II.        PEMBAHASAN
Istilah administrasi berbasis sekolah (MBS) berasal dari tiga kata, yaitu manajemen, berbasis, dan sekolah. Manajemen yaitu pengkoordinasian dan penyerasian sumberdaya melalui sejumlah input administrasi untuk mencapai tujuan atau untuk memenuhi kebutuhan pelanggan. Catatan: sumber daya terbagi menjadi sumber daya insan dan sumber daya selebihnya (peralatan, perlengkapan, bahan/material, dan uang); input administrasi terdiri dari tugas, rencana, program, limitasi yang terwujud dalam bentuk ketentuan-ketentuan. Pengertian administrasi tersebut, berdasarkan Poernomosidi Hadjisarosa, 1997) sanggup dilukiskan menyerupai pada Gambar 1 berikut, dengan keterangan: SDM-M (sumberdaya insan manajer) mengatur sumber daya insan pelaksana (SDM-P) melalui input administrasi yang terdiri dari (T = Tugas; R = Rencana, P = Program; T3 = Tindakan Turun Tangan; K = Kesan) semoga SDM-P memakai jasa manusianya (Jm) untuk bercampur tangan terhadap sumber daya selebihnya (SD-slbh), sehingga proses sanggup berlangsung dengan baik untuk menghasilkan output.
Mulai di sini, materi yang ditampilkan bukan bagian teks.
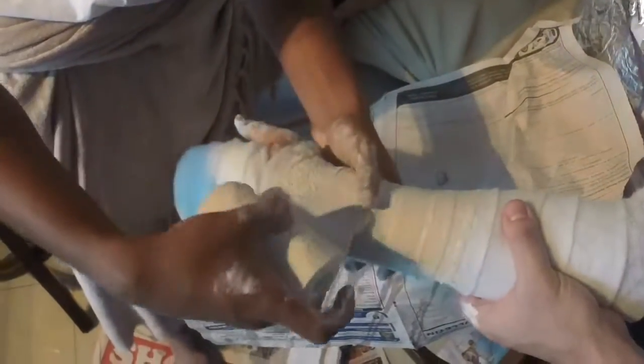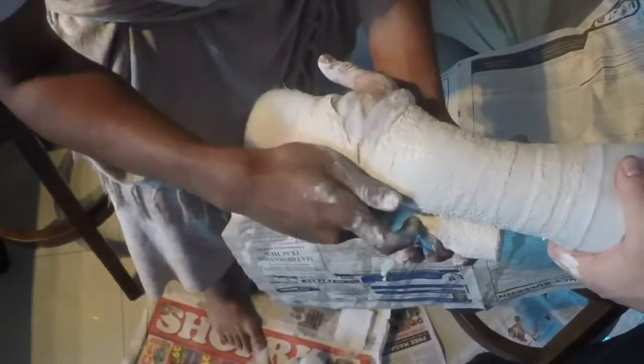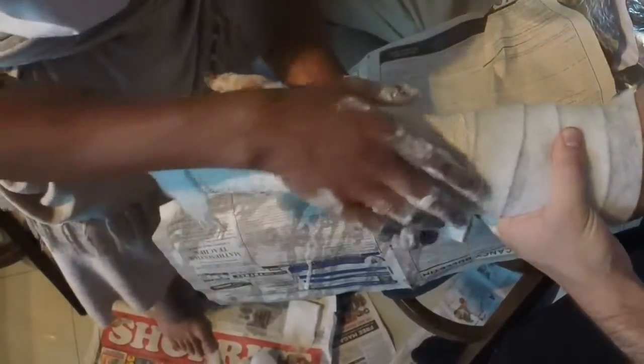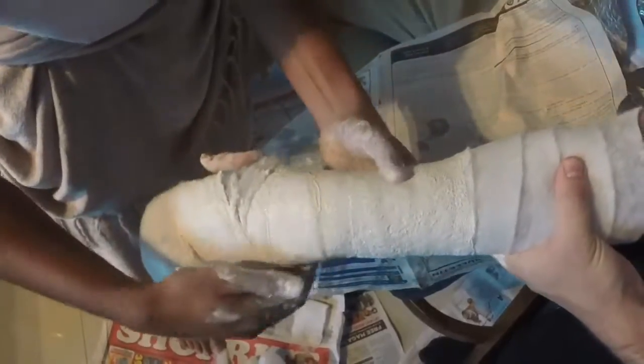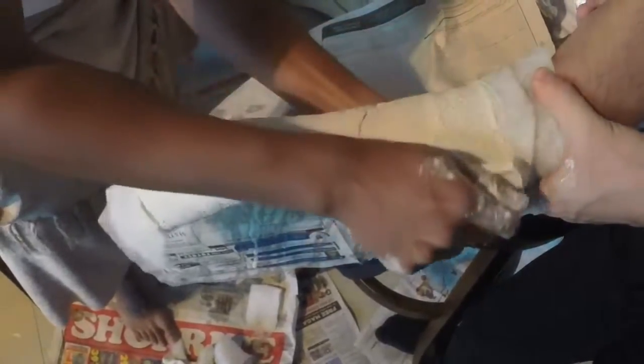When applying the plaster of Paris, one can begin at the site of the fracture, and care should be taken when applying it to the hand itself, as the distal palmar crease should never be covered. This can be achieved by bunching up the plaster when placing it around the distal web space, as shown in the video. It is important not to impinge flexion of the palm, as when the MCP joint is flexed, the flexed tendons are at their longest, and if this movement is prevented, a fixed contracture of the tendons can develop. A rim of felt band is left intact at either end of the plaster, and this will be folded over and covered in the second layer.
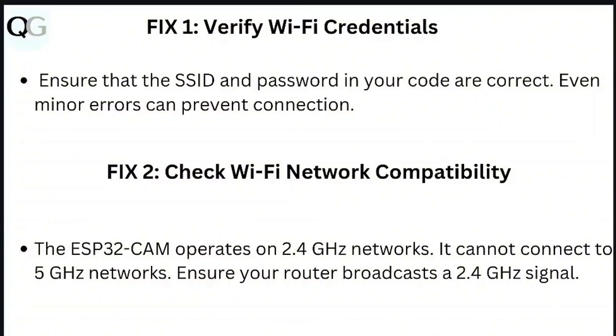Step 2: Check Wi-Fi network compatibility. The ESP32 cam operates on 2.4 GHz networks and cannot connect to 5 GHz networks. Ensure your router broadcasts a 2.4 GHz signal.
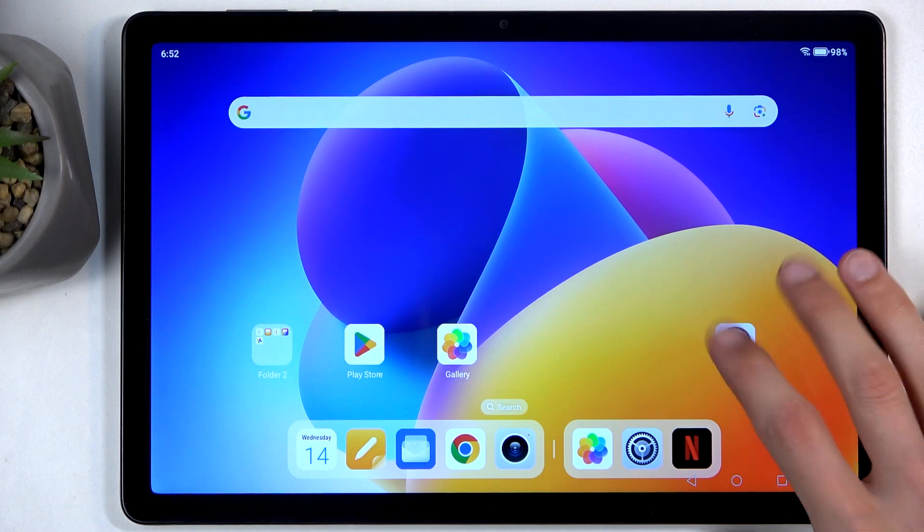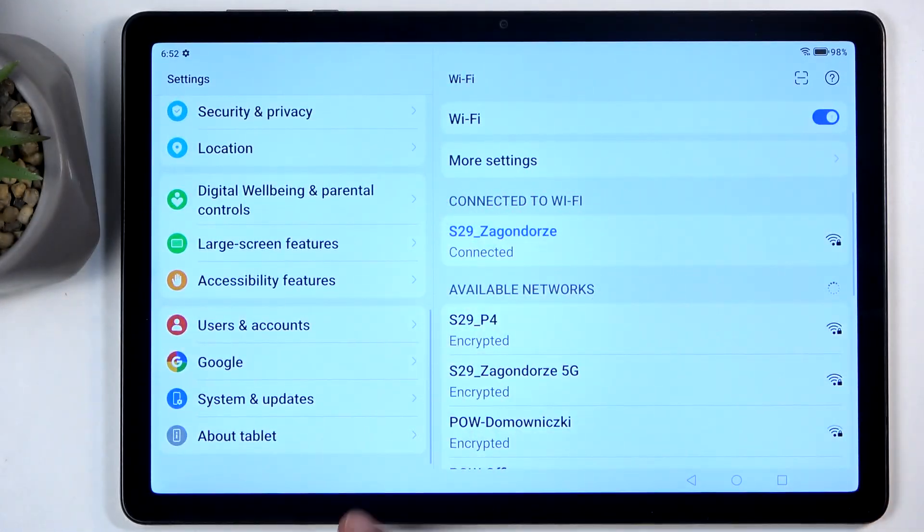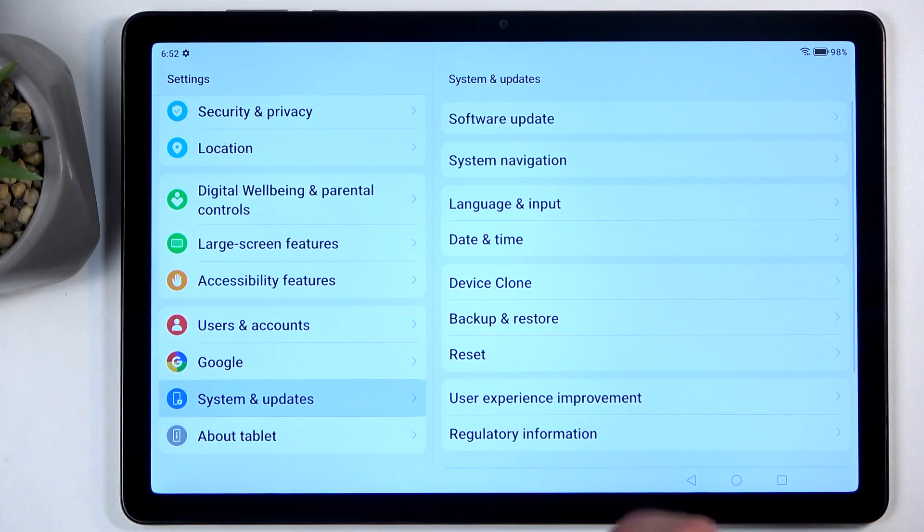To get started you'll want to open up your settings application and then on the side panel right here we're going to scroll all the way down to System and Update and then you want to select Reset.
Berbasis berarti "berdasarkan pada" atau "berfokuskan pada". Sekolah yaitu suatu organisasi terbawah dalam jajaran Departemen Pendidikan Nasional (Depdiknas) yang bertugas menawarkan "bekal kemampuan dasar" kepada penerima didik atas dasar ketentuan-ketentuan yang bersifat legalistik (makro, meso, mikro) dan profesionalistik (kualifikasi, untuk sumber daya manusia; spesifikasi untuk barang/jasa, dan prosedur-prosedur kerja).Otonomi sanggup diartikan sebagai kewenangan/kemandirian yaitu kemandirian dalam mengatur dan mengurus dirinya sendiri, dan merdeka/tidak tergantung (Undang-Undang No.22 Th.1999 ihwal Pemerintahan Daerah). Istilah otonomi juga sama dengan istilah "swa", contohnya swasembada, swakelola, swadana, swakarya, swalayan, dan swa-swa lainnya. Makara otonomi sekolah yaitu kewenangan sekolah untuk mengatur dan mengurus kepentingan warga sekolah berdasarkan prakarsa sendiri berdasarkan aspirasi warga sekolah sesuai dengan peraturan perundang-undangan pendidikan nasional yang berlaku. Tentu saja kemandirian yang dimaksud harus didukung oleh sejumlah kemampuan, yaitu kemampuan mengambil keputusan yang terbaik, kemampuan berdemokrasi/menghargai perbedaan pendapat, kemampuan memobilisasi sumber daya, kemampuan menentukan cara pelaksanaan yang terbaik, kemampuan berkomunikasi yang efektif, kemampuan memecahkan persoalan-persoalan sekolah, kemampuan adaptif dan antisipatif, kemampuan bersinergi dan berkolaborasi, dan kemampuan memenuhi kebutuhannya sendiri.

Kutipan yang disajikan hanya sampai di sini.